→ **EXERCISE DATA**:
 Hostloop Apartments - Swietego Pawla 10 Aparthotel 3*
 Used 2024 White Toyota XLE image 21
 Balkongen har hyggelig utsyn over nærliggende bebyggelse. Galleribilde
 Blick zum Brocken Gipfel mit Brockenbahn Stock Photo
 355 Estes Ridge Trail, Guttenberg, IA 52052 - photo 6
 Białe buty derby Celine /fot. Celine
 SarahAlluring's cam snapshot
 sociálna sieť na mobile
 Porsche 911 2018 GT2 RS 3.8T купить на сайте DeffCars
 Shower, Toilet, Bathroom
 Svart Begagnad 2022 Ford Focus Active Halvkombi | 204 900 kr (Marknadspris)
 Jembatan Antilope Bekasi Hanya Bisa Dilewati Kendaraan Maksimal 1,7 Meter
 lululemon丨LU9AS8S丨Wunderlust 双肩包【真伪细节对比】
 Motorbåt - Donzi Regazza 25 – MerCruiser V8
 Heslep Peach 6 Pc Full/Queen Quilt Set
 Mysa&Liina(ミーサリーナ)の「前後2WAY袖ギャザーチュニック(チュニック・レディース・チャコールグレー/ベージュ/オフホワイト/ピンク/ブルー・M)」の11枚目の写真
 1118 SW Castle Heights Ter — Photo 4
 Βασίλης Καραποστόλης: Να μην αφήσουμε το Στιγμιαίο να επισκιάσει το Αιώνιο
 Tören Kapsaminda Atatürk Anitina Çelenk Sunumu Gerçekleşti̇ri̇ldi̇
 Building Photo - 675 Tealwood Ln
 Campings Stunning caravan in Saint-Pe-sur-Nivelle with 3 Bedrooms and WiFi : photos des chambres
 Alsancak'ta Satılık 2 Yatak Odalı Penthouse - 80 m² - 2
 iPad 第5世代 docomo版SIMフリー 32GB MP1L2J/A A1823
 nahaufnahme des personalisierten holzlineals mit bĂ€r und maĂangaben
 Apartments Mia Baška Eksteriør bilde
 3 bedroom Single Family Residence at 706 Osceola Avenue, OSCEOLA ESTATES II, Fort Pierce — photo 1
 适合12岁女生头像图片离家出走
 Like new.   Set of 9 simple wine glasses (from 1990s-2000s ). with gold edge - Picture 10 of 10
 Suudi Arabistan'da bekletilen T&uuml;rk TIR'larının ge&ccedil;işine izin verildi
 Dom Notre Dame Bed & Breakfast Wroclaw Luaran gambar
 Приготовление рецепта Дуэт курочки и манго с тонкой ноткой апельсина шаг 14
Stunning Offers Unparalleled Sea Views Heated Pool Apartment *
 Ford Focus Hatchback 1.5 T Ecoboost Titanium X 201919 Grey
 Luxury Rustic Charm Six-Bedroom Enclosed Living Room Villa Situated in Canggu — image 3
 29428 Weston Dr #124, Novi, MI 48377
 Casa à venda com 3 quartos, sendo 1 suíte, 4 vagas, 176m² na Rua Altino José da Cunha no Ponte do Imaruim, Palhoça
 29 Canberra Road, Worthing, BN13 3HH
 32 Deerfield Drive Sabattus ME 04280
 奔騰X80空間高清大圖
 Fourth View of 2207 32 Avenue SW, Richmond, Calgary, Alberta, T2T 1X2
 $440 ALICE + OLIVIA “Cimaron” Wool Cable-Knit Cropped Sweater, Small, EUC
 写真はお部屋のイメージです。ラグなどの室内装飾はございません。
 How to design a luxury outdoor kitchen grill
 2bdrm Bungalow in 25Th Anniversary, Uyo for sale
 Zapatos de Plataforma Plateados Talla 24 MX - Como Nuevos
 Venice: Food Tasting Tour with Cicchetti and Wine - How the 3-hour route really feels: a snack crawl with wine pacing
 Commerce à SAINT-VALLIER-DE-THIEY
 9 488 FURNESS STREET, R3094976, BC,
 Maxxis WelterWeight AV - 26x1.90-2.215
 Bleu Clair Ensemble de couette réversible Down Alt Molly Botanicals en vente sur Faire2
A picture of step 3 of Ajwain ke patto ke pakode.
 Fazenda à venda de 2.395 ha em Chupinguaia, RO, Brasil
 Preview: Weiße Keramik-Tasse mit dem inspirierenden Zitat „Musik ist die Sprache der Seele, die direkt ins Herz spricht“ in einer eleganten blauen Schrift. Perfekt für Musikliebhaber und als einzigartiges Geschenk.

→ **EXERCISE DESCRIPTION**: Reproduce the listing above exactly as far as the line with "Shower, Toilet, Bathroom", that line included.

→ **RESPONSE BOX**:
 Hostloop Apartments - Swietego Pawla 10 Aparthotel 3*
 Used 2024 White Toyota XLE image 21
 Balkongen har hyggelig utsyn over nærliggende bebyggelse. Galleribilde
 Blick zum Brocken Gipfel mit Brockenbahn Stock Photo
 355 Estes Ridge Trail, Guttenberg, IA 52052 - photo 6
 Białe buty derby Celine /fot. Celine
 SarahAlluring's cam snapshot
 sociálna sieť na mobile
 Porsche 911 2018 GT2 RS 3.8T купить на сайте DeffCars
 Shower, Toilet, Bathroom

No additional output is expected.